🤖 AI Summary
Speech data for disordered speech in low-resource languages is scarce, hindering the equitable deployment of automatic speech recognition (ASR) for persons with speech disabilities. Method: We propose a community-driven paradigm for data collection and model development, piloted on Akan—the most widely spoken language in Ghana—by creating the first open-source disordered speech corpus for Akan (Akan-Disordered Speech Corpus). We accompany it with a reusable data collection “recipe,” a lightweight speech annotation tool, and adaptation guidelines.

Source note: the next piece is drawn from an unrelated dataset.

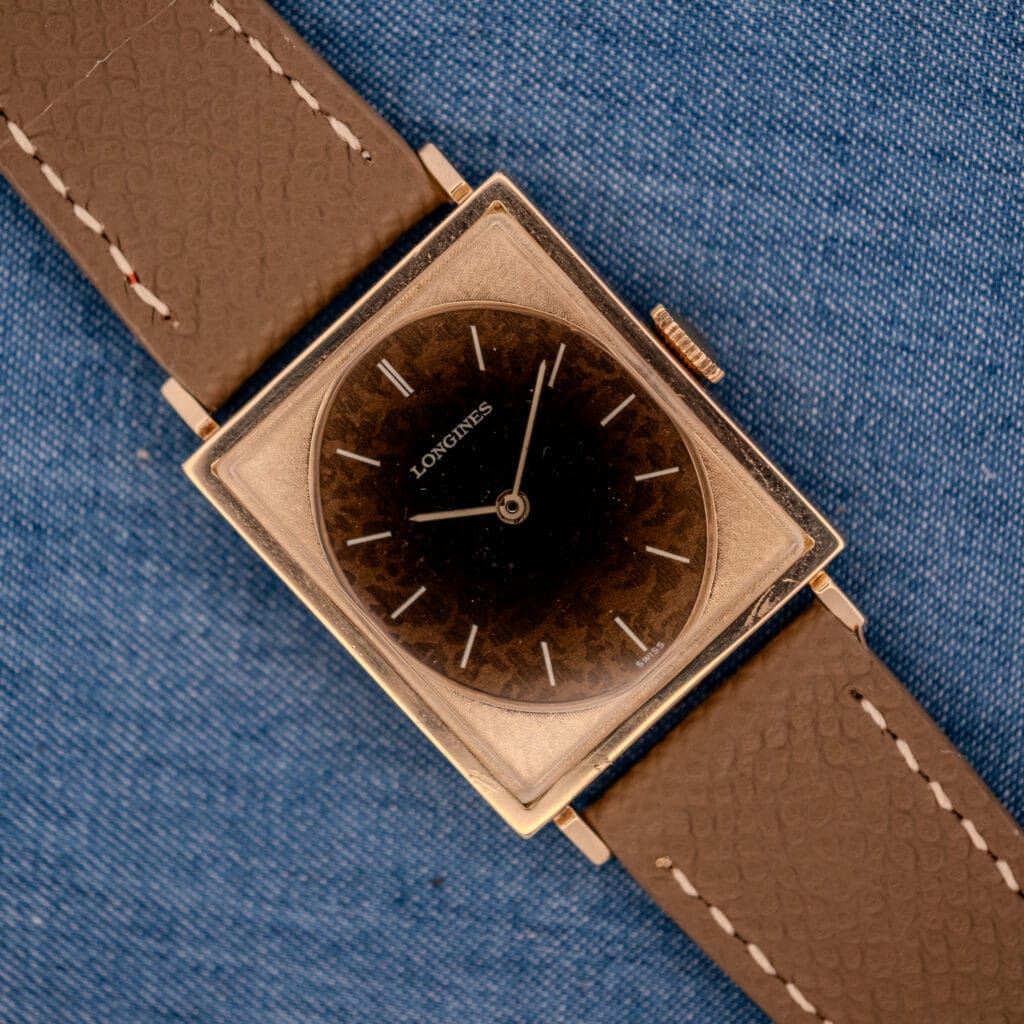 Vintage Longines Tank watch ref 3217-428 with factory Leopard dial aged into speckled tortoiseshell patina on a mud grey textured leather strap, top-down on denim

Leveraging open collaboration, local communities co-collect data and fine-tune open ASR models (Whisper, Wav2Vec 2.0) for improved articulation disorder recognition. Contribution/Results: This work establishes the first systematic, democratized pipeline for building disordered-speech ASR in low-resource languages, offering a transferable methodology and practical benchmark for disordered speech research in under-resourced linguistic contexts globally.
📝 Abstract
This study presents an approach for collecting speech samples to build Automatic Speech Recognition (ASR) models for impaired speech, particularly, low-resource languages. It aims to democratize ASR technology and data collection by developing a "cookbook" of best practices and training for community-driven data collection and ASR model building. As a proof-of-concept, this study curated the first open-source dataset of impaired speech in Akan: a widely spoken indigenous language in Ghana. The study involved participants from diverse backgrounds with speech impairments. The resulting dataset, along with the cookbook and open-source tools, are publicly available to enable researchers and practitioners to create inclusive ASR technologies tailored to the unique needs of speech impaired individuals. In addition, this study presents the initial results of fine-tuning open-source ASR models to better recognize impaired speech in Akan.